Concurrently, Diamondback has also entered into a definitive purchase agreement to acquire all leasehold interests and related assets of a wholly-owned subsidiary of Permian-focused Guidon Energy LLC, for a total consideration of approximately US$862 million in cash and stock. The assets acquired include approximately 32,500 net acres in the Midland basin in Texas.
Under the terms of the first transaction, QEP shareholders will receive 0.05 shares of Diamondback common stock for each share of QEP common stock held, resulting in the issuance of approximately 12.27 million Diamondback shares valued at US$45.84 per share (based on Diamondback’s closing share price on December 18th). The total equity value amounts to US$562 million. Adjusting for QEP’s reported net debt of approximately US$1.59 billion, the total transaction value is approximately US$2.15 billion on an enterprise value basis.
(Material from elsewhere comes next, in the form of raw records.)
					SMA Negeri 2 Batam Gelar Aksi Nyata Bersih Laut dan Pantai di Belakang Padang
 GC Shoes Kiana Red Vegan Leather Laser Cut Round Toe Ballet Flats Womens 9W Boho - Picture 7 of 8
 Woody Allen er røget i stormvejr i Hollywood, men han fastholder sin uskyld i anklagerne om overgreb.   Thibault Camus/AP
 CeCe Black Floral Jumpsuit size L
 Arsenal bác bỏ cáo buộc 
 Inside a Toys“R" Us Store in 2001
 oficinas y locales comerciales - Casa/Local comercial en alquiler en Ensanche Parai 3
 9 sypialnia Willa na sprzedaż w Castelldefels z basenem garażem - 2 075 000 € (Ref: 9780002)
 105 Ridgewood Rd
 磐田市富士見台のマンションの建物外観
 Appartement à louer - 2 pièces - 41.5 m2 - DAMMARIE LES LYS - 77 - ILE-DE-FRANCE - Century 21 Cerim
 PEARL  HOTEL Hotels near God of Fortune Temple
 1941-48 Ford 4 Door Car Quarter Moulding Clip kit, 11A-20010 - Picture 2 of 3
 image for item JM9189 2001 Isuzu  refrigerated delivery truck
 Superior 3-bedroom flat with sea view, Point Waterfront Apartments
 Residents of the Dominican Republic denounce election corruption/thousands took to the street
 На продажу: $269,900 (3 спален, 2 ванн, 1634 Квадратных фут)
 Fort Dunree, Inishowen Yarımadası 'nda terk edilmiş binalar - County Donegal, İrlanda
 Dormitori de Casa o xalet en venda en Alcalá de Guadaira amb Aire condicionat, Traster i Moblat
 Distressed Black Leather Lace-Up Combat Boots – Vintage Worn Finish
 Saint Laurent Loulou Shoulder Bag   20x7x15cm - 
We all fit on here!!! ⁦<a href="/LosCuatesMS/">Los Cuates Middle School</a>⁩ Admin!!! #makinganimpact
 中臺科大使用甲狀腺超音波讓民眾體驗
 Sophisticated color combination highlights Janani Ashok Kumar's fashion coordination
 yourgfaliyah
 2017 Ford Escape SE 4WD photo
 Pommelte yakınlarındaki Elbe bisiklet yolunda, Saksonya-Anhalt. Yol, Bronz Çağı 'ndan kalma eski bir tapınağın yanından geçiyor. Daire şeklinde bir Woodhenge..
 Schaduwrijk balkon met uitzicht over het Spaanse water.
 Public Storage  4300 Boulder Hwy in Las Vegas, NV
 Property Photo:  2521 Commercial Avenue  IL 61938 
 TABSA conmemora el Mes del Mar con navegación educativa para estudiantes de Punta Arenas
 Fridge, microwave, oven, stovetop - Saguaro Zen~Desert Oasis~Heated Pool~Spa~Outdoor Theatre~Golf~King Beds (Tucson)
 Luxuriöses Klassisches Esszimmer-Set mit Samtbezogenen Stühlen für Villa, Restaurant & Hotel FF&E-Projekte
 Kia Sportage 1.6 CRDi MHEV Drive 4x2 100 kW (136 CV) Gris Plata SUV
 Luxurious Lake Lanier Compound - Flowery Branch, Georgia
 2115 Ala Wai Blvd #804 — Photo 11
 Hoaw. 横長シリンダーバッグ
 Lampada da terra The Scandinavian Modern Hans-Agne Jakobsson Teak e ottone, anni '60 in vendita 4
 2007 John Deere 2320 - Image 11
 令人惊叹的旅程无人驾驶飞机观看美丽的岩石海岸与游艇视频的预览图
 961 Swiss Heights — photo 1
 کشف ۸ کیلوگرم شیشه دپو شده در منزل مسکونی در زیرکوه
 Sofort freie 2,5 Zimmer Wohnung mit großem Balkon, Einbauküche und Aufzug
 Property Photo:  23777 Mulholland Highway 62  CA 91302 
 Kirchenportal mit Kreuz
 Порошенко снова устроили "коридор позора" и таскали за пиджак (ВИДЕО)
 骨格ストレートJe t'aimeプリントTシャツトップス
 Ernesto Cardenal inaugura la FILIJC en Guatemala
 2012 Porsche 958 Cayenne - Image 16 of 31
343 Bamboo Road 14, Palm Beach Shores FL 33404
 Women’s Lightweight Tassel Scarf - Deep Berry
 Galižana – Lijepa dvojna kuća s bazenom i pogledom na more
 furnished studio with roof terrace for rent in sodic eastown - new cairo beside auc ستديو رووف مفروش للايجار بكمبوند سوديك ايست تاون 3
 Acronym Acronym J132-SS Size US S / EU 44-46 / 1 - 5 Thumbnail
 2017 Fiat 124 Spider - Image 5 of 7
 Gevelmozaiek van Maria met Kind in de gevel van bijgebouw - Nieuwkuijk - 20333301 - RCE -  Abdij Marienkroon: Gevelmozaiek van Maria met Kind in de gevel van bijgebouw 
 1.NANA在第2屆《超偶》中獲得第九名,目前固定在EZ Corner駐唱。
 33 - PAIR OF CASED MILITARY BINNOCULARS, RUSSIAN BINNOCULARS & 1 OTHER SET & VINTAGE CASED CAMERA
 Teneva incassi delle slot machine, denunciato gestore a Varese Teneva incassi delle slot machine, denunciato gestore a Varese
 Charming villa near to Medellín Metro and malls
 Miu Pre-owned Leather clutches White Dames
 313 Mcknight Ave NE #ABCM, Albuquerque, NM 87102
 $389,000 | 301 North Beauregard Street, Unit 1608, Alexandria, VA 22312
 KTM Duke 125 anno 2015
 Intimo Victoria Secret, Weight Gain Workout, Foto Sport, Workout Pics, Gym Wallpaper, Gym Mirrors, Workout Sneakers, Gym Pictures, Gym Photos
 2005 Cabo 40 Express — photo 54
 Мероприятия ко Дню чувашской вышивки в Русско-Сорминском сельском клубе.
NYSE-listed QEP is currently focused on operations in the Midland and Williston basins, and holds interests in approximately 146,000 net acres located across North Dakota, Texas, Idaho and Oregon. Net average daily production attributable to the company during Q3-2020 was approximately 76,500 barrels of oil equivalent per day (Mboe/d), of which 82% was oil.
In a separate transaction, Diamondback also announced that it will acquire all of the leasehold interests and related assets in Texas owned by Guidon Operating LLC, a wholly-owned subsidiary of Guidon Energy, for a total consideration of around US$862 million, payable in cash and stock. The assets acquired include around 32,500 net acres of northern Midland Basin properties located in Martin County.
“The business combination with QEP and the Guidon transaction are accretive on all relevant 2021 financial metrics including free cash flow per share, cash flow per share and leverage, even before accounting for synergies. Most importantly, the addition of this Tier-1 resource competes for capital right away in Diamondback’s current portfolio, and we will now be able to allocate most of our capital to the high-returning Midland Basin for the foreseeable future,” said Travis Stice, CEO of Diamondback.
Tim Cutt, President & CEO of QEP, stated, “We believe that this strategic merger with Diamondback, along with the addition of the Guidon assets, provides our shareholders with an exciting investment opportunity, now and in the future. The large contiguous Tier-1 acreage position in the Northern Midland Basin is expected to lead to operational synergies and deliver capital efficiencies beyond what each company could achieve independently.”
The Diamondback-QEP transaction is subject to customary closing conditions, including the receipt of regulatory and shareholder approvals, and is expected to close by Q2-2021.
Goldman Sachs and Moelis & Co. are acting as financial advisors to Diamondback for the QEP transaction. Evercore is advising QEP.